The man there through all six or seven years of the false starts and hurdles, Mobile Area Lodging Association President Kent Blackinton, praised the decision by the Mobile City Council to approve the special district, after the measure was approved multiple times by a majority of hotel operators in the area.
“We got to a point a couple of years ago where we took it to council, but there were problems with the methodology,” he said. “We went back to the legislature.”
After another vote by the local delegation and approval from the hotel operators, councilors voted to allow the “pass-through assessment” on hotel customers. To approve the assessment, 60 percent of the area’s 62 hotel operators with 40 rooms or more had to sign a petition, Visit Mobile CEO David Clark said.
“This is a big deal for Mobile,” Clark said. “It’s the first city in the state to do this.”
Mobile joins roughly 170 other TIDs nationwide, and the effort took years of collaboration between hoteliers, Visit Mobile and elected officials at both the local and state level, Clark said. The city joins Southern tourism stalwarts like New Orleans, Memphis, Tenn., and Savannah, Ga., which each have a TID, he said.
“The idea is it drives lodging metrics and drives occupancy,” Clark said. “The more people who stay in our hotels, the more spend money at our local businesses.”
Blackinton said the TID adds $1 per room night to customers’ bills. That money will be set aside for tourism marketing, and area hoteliers have set up a special board called the Mobile Area Lodging Corporation to vote on how best to spend the money. The voting board will be made up of two representatives from Tillmans Corner hotels, two representatives from Beltline hotels and two representatives from downtown hotels. The board will also include some restaurant representatives. The city and Visit Mobile will each have a nonvoting, ex officio member, Blackinton said.
“The money will be spent to tell people about Mobile,” Clark said. “It gives us a really unique competitive advantage. It’s good to have marketing dollars to drive attention to all the things we have going on.”
The $1 assessment means the hotels could produce an estimated $1.5 million per year to spend on tourism marketing, he said.
“It’s a lot more money than we’ve ever had to spend in the past,” Blackinton said. “When you take whatever we’ve had, it’s 200 or 300 percent more than we’ve ever had. It will be focused mostly on leisure travel, but there are provisions for capital improvements.
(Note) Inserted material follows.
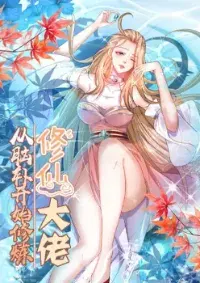 ผู้ฝึกฝนอมตะที่ฝึกฝนจากจินตนาการ Immortal Cultivator Cultivating From Imagination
It’s going to be significant.”
One of the capital improvements the corporation has in mind is enhancing the gateway into the Tillmans Corner area, Blackinton said.
Tourism marketing can take many forms, he said. Like, for instance, the money could be used for better or more attractive signage.
“We’re looking for a good, comprehensive signage package, or wayfinding package,” he said. “Something for tourism that makes it a better destination.”
The TID assessment goes into effect on July 1 and is set to sunset on May 31, 2025. This gives the program a decent-sized trial run, and if hoteliers don’t think the extra money per room night is worth it, it can go away, Blackinton said.